El proyecto del Gobierno, anunciado por el ministro de Trabajo, Eduardo Zaplana, de extender a toda la vida laboral el cálculo de las pensiones, es, sin duda, una propuesta justa y prudente, en la medida en que hace depender la pensión de lo que el trabajador haya aportado al sistema en el transcurso de su vida laboral; lo que supone una reminiscencia del principio de capitalización y un claro reconocimiento de que un sistema de reparto no puede mantener a largo plazo el nivel de prestaciones inicial sin estar abocado a la quiebra. Asimismo, el proyecto de Ley del Fondo de Reserva de la Seguridad Social cumple la doble función de paliar en parte el mercadeo demagógico en torno a las pensiones –otra de las miserias del sistema público de reparto– y de reconocer implícitamente que, a medio plazo, la estabilidad de un sistema de pensiones depende de la existencia de un fondo de maniobra o capital fijo; algo que la ley, por cierto, exige –como no podía ser de otra manera– a las compañías de seguros y a las gestoras de planes de pensiones.
Pero, con todo, estas medidas no pasan de ser meros parches si se comparan con el rigor de los sistemas de pensiones basados en la capitalización –que con gran éxito se han ensayado en Chile–, cuyas prestaciones no dependen de favores políticos, del número de nuevos cotizantes o de la coyuntura económica sino de las sumas que el trabajador haya aportado en su vida laboral, de las cuales –así como de sus réditos– él y sus herederos son dueños absolutos e indiscutibles.
Siendo la Seguridad Social una de las vacas sagradas e intocables del estado del bienestar, es comprensible que ningún gobierno –sobre todo los de la izquierda– quiera asumir el coste político de poner abruptamente en cuestión el sistema público de pensiones –de ahí el Pacto de Toledo. Pero la solución del problema –que pasa por el abandono del sistema de reparto para adoptar el de capitalización– no puede aplazarse indefinidamente, y la demostración vendrá, indefectiblemente, cuando empeore la coyuntura económica y disminuya el número de empleados.
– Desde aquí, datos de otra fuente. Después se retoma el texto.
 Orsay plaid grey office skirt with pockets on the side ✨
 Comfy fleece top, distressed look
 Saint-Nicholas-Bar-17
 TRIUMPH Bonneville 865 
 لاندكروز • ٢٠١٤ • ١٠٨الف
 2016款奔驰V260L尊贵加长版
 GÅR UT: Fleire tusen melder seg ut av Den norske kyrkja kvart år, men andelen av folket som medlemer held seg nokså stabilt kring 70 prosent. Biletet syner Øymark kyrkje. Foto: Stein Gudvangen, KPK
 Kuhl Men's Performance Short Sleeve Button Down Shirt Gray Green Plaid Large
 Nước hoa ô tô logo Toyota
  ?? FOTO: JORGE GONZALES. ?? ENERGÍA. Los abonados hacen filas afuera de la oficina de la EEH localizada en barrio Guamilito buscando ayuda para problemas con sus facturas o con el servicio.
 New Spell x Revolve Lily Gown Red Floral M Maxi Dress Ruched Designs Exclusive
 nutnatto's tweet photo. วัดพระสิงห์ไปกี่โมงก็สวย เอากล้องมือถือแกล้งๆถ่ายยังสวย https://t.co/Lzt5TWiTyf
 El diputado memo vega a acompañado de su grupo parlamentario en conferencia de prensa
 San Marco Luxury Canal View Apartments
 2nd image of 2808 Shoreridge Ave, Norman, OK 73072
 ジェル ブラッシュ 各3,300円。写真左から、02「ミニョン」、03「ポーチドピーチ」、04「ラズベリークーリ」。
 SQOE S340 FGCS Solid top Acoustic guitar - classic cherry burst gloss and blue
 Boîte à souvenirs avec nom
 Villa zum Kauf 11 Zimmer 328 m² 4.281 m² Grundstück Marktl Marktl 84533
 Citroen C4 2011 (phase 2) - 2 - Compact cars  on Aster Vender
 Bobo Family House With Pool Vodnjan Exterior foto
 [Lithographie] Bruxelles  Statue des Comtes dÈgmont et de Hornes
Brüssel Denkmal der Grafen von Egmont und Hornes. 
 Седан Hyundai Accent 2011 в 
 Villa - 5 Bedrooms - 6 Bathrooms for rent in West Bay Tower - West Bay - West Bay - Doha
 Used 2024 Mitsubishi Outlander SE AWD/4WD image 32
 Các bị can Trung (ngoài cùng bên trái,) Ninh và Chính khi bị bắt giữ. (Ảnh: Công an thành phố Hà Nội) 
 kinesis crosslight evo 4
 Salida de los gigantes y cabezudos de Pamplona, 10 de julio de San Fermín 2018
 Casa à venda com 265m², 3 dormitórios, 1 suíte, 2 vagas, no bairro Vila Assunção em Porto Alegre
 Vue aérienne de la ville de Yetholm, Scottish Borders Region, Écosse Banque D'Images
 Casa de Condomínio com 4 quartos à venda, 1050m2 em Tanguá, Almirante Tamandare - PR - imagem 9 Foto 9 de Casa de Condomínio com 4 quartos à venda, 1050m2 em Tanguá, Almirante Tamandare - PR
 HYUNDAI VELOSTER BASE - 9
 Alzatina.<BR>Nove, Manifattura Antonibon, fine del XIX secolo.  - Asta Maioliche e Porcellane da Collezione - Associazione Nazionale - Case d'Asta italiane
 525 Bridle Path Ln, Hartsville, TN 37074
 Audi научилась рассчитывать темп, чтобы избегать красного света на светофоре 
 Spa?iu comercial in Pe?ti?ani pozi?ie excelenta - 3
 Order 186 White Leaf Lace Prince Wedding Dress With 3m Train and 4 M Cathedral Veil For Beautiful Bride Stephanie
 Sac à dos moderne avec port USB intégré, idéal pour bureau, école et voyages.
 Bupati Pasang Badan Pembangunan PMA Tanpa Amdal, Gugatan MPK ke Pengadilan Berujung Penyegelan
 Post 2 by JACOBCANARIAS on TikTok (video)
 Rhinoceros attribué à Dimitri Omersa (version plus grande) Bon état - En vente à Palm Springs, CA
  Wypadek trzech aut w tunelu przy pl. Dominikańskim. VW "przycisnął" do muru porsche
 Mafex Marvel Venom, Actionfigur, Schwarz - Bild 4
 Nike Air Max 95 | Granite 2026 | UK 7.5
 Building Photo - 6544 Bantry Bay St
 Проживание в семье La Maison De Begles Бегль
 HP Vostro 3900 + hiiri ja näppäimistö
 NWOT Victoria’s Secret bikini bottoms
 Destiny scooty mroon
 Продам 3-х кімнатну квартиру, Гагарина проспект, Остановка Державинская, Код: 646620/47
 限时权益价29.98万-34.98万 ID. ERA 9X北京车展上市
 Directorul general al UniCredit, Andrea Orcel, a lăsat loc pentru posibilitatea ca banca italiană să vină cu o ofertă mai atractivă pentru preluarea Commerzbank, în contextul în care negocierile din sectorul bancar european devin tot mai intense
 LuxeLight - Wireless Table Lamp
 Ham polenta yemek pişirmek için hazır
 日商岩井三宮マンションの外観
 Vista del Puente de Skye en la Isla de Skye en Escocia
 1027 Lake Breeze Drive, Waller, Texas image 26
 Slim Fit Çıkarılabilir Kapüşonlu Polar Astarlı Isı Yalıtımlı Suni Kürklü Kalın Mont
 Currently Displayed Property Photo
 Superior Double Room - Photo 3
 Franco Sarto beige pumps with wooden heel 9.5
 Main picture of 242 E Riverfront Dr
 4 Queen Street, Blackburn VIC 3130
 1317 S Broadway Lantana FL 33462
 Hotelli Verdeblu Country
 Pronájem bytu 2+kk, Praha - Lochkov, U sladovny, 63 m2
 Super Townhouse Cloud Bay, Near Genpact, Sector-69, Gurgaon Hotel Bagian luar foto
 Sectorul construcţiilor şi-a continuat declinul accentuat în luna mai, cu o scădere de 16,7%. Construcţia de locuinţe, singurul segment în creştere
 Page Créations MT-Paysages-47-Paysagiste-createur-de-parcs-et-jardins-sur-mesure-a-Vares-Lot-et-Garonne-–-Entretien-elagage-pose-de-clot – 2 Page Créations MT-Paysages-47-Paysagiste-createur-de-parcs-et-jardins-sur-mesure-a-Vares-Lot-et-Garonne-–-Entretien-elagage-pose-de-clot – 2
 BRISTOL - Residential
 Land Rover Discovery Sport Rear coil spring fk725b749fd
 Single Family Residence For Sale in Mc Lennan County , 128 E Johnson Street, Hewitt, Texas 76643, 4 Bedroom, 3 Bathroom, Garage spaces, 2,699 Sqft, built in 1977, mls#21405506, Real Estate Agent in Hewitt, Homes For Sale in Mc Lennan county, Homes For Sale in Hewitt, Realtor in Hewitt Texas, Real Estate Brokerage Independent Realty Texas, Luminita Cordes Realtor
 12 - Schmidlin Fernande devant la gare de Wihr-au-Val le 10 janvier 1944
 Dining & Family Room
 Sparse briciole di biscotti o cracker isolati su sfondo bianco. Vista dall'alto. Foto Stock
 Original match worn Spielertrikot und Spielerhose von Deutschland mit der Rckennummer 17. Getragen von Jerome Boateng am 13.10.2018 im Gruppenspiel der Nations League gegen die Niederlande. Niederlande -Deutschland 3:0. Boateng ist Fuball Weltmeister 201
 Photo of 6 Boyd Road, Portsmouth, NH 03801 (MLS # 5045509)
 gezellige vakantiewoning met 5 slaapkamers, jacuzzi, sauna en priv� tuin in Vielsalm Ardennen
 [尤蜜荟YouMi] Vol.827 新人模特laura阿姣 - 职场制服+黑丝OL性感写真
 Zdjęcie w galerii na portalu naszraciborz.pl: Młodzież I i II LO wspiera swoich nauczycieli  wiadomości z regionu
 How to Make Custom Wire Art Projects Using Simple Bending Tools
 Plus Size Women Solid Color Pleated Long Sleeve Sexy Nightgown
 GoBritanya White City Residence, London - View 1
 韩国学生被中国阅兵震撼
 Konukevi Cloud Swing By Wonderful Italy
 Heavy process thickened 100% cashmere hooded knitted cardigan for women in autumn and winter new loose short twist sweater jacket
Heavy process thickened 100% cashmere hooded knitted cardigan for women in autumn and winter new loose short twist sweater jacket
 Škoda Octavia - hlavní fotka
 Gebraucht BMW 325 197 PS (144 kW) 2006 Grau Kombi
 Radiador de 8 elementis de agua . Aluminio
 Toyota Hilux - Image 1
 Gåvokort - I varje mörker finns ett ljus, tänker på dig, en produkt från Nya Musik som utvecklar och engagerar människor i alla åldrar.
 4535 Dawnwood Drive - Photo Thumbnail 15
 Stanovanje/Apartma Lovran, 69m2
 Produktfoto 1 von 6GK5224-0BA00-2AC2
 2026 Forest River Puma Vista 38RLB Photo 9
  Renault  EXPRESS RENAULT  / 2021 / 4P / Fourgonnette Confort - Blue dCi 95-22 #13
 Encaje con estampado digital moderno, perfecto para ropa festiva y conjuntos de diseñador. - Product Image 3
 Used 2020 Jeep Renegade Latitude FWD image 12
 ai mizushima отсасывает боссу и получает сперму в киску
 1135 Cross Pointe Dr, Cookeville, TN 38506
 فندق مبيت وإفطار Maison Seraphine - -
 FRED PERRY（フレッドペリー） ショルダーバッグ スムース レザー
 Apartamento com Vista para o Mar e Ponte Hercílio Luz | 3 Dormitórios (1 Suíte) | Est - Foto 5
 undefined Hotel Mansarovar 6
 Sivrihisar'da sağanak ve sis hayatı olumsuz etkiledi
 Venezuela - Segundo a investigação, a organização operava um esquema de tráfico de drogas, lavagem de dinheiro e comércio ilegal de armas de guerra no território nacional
En el PP –el único partido del que cabría esperar una futura reforma del sistema público de pensiones– no quieren siquiera oír hablar de ello. Prefieren hoy por hoy, como la cigarra, cantar las delicias de la abundancia en cuñas publicitarias. Ya veremos qué pasará cuando las generaciones en edad laboral vayan llegando al invierno de la existencia.